* **Entries shown**
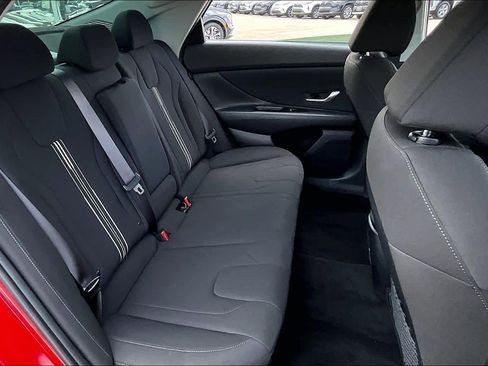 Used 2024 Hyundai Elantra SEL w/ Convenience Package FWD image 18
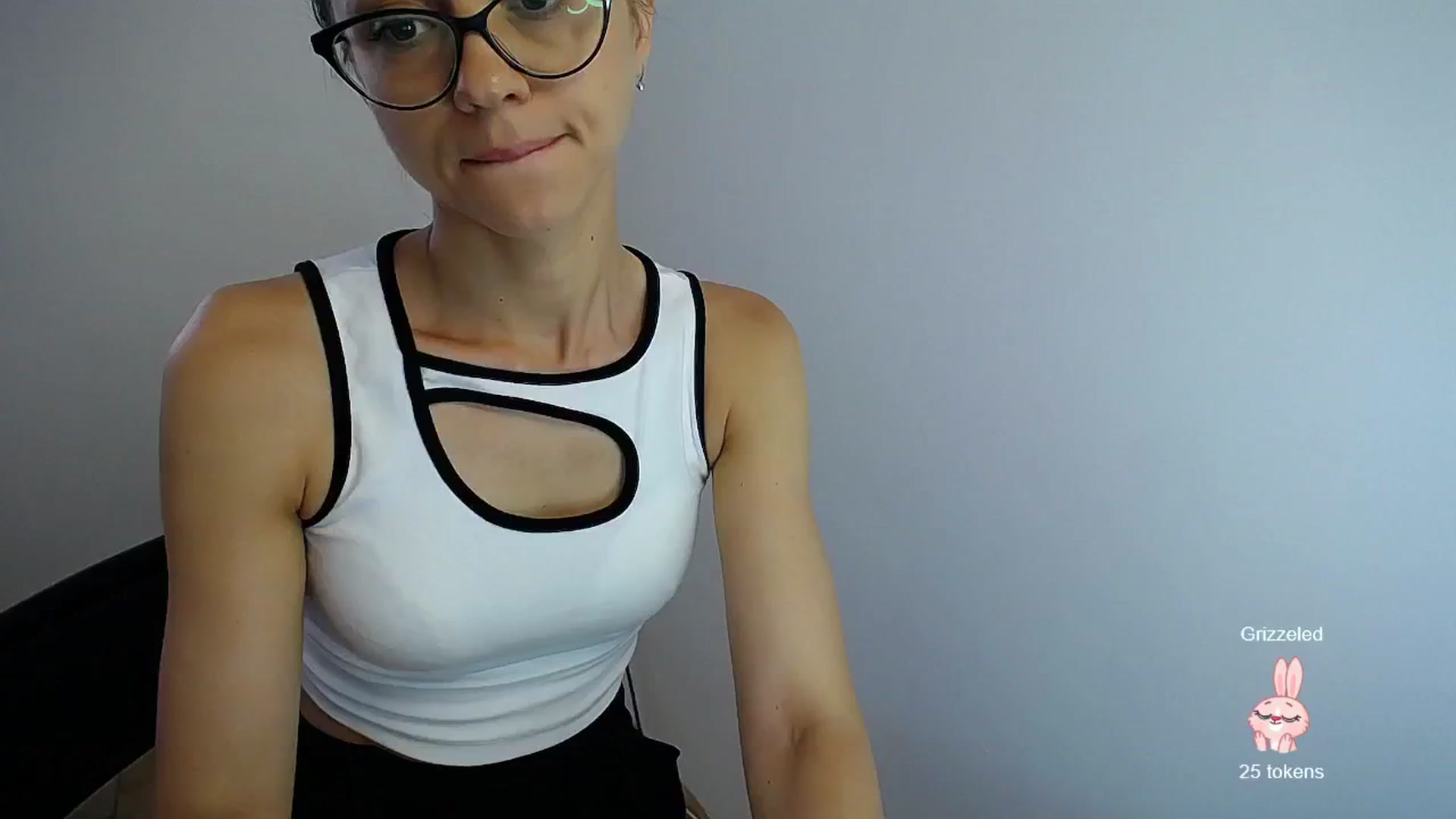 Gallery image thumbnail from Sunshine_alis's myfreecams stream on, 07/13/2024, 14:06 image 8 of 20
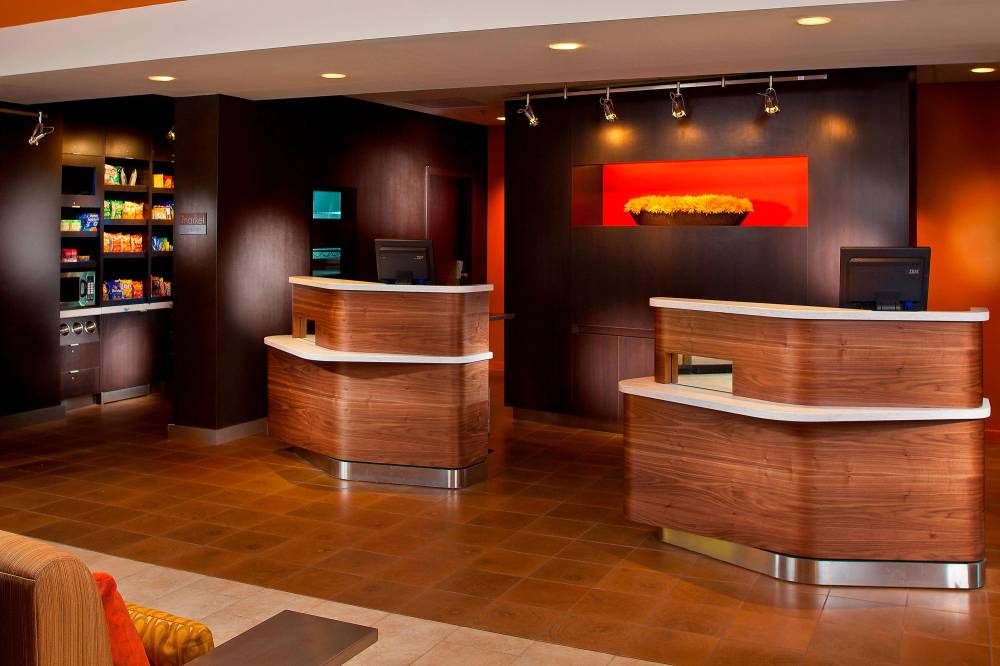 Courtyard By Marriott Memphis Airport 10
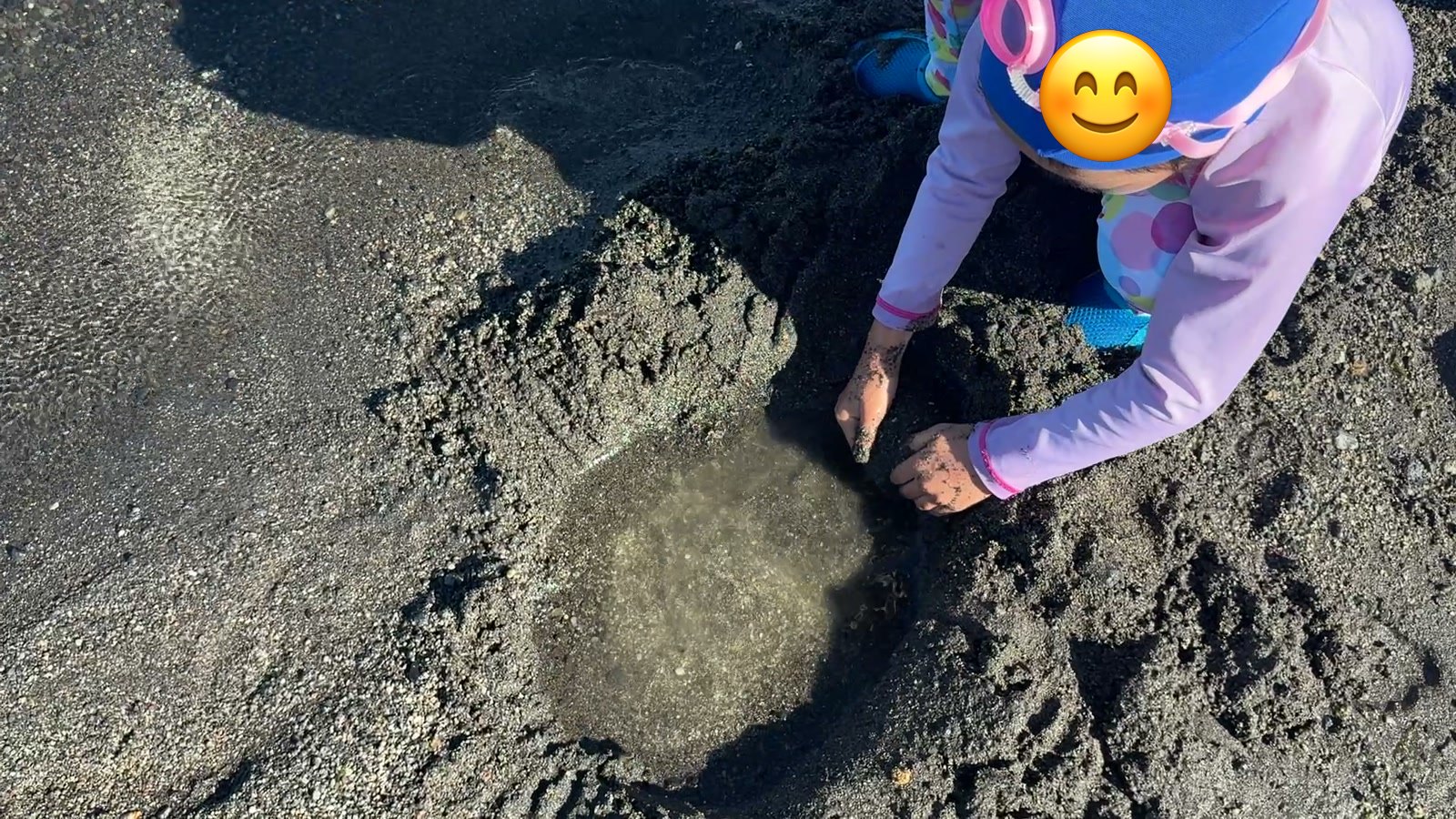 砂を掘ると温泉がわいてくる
...
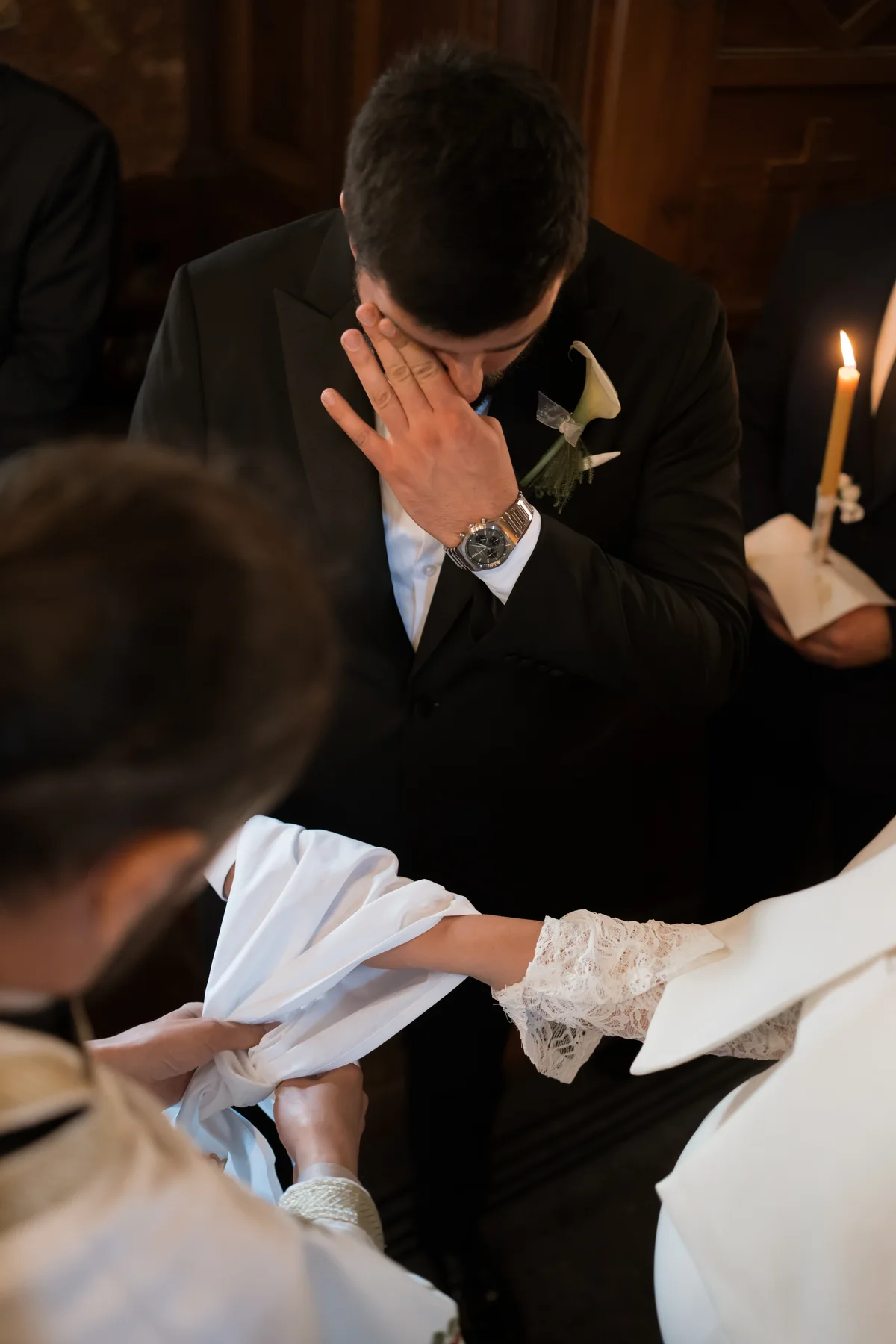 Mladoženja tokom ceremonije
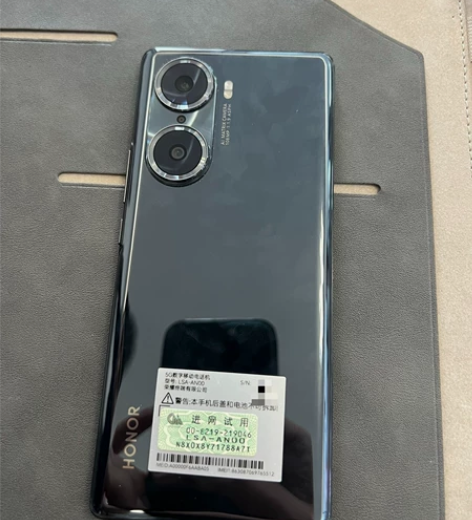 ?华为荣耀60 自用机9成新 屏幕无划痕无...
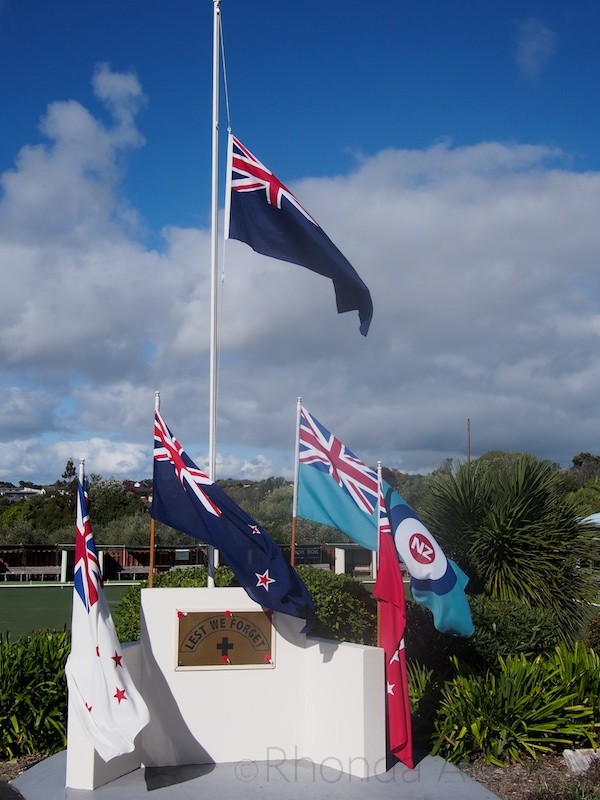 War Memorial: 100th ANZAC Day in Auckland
--
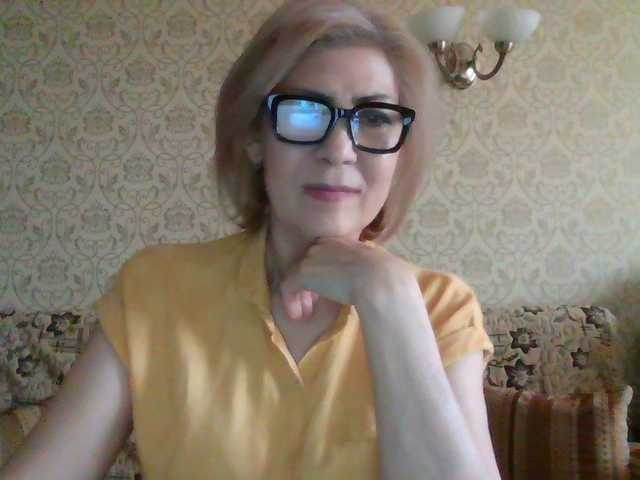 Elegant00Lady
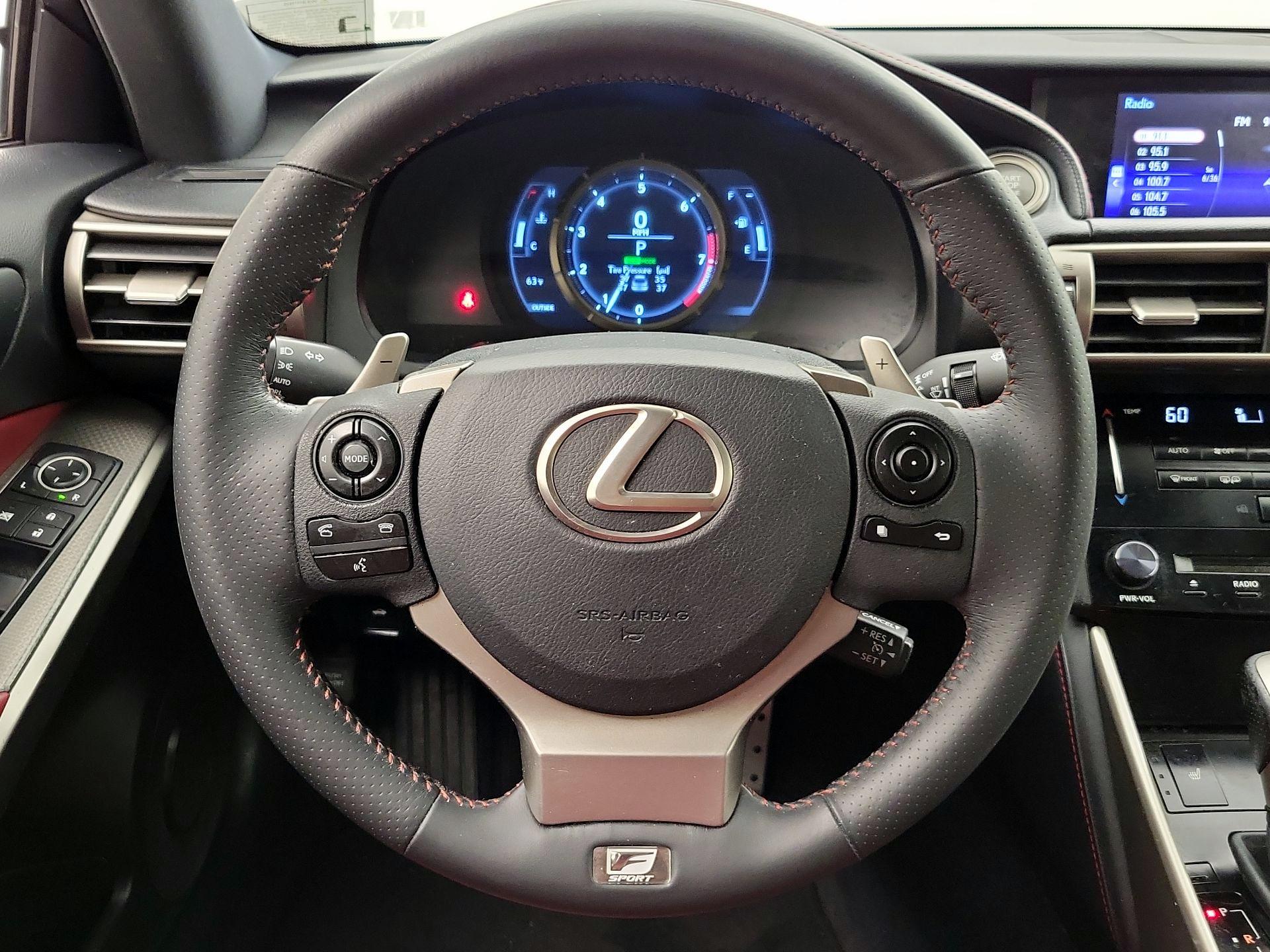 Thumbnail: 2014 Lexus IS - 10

* **Problem description**
What you write must match the listing exactly, from the line with "Used 2024 Hyundai" up to and including the line with "砂を掘ると温泉がわいてくる". Pictures stay out.

* **Your response**
 Used 2024 Hyundai Elantra SEL w/ Convenience Package FWD image 18
 Gallery image thumbnail from Sunshine_alis's myfreecams stream on, 07/13/2024, 14:06 image 8 of 20
 Courtyard By Marriott Memphis Airport 10
 砂を掘ると温泉がわいてくる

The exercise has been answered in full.